Sex Differences in Kidney Gene Expression Emerge After Puberty in Mice

This comprehensive study provides the first detailed molecular atlas of how sex differences in kidney function develop and change throughout life. Researchers from Washington University analyzed 76 kidney samples from 68 mice at six time points from embryonic development through old age, using six different genomic technologies including single-cell RNA sequencing and spatial transcriptomics.

The most striking finding was that sex differences in gene expression are virtually absent during embryonic development and early life, only emerging after 3 weeks of age—equivalent to puberty in humans. The proximal tubules showed the most dramatic sex-specific changes, with 385 genes showing different expression patterns between males and females. These differences were directly linked to hormonal regulation, particularly androgens and estrogens.

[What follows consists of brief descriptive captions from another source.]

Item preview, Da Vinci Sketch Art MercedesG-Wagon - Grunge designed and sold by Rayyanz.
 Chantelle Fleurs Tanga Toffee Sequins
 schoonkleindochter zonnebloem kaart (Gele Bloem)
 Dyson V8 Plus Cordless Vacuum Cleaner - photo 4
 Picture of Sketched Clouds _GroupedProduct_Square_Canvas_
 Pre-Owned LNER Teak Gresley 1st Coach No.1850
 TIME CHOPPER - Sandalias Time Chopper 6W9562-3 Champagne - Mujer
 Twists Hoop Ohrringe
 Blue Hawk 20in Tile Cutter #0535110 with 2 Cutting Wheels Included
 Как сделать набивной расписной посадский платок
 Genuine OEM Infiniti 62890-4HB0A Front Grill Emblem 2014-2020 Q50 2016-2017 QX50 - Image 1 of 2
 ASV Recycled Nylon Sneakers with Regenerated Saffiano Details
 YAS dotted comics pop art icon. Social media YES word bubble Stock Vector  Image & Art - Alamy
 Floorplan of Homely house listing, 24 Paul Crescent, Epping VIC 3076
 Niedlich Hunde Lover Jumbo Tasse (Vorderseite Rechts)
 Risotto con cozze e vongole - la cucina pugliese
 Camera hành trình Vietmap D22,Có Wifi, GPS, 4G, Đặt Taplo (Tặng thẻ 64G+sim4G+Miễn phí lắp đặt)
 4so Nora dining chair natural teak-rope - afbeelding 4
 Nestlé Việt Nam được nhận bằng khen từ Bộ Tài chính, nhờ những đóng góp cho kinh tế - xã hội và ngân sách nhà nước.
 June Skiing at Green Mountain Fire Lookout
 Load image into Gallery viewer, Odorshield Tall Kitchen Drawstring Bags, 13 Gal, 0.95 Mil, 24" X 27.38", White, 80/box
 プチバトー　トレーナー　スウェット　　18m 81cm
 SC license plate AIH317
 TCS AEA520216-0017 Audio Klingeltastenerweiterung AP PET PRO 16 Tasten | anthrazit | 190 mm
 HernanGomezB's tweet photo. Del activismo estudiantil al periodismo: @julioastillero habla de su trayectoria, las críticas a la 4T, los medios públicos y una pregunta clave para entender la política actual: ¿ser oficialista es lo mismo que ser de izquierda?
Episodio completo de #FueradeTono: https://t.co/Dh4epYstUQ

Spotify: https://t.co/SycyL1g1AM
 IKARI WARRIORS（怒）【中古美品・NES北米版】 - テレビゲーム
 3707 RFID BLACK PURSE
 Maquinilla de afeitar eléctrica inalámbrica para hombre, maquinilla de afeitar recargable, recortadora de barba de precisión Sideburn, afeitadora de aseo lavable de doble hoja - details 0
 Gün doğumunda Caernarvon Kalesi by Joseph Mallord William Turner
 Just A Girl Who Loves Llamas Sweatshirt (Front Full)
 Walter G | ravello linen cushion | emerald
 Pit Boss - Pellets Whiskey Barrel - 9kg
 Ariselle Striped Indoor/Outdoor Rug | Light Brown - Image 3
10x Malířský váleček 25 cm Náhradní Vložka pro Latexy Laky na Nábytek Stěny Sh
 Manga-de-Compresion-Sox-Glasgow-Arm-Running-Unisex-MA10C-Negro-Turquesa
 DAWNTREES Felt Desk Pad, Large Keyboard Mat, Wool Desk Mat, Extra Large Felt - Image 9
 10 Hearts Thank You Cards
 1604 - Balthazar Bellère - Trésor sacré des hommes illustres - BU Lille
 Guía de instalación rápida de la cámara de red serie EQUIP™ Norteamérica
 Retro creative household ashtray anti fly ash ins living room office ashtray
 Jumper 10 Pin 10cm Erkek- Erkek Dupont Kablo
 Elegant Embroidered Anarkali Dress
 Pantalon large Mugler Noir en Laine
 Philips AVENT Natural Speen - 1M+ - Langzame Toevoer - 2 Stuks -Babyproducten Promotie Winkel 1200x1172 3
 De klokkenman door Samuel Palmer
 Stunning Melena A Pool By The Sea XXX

Spatial analysis revealed that sex-biased gene expression patterns vary by kidney region, with distinct differences in the cortex and outer medulla. The researchers also discovered that aging affects kidney gene expression differently in males versus females, with older mice showing more aging-related changes in loops of Henle, proximal tubules, and collecting ducts in a sex-dependent manner.

These findings help explain why many kidney diseases show sex bias in incidence and progression. For example, males have higher rates of kidney cancer and different responses to kidney injury, which may be related to these fundamental differences in gene expression. The research provides a molecular foundation for understanding why treatments might need to be tailored differently for men and women, and why hormonal changes throughout life could affect kidney health differently between sexes.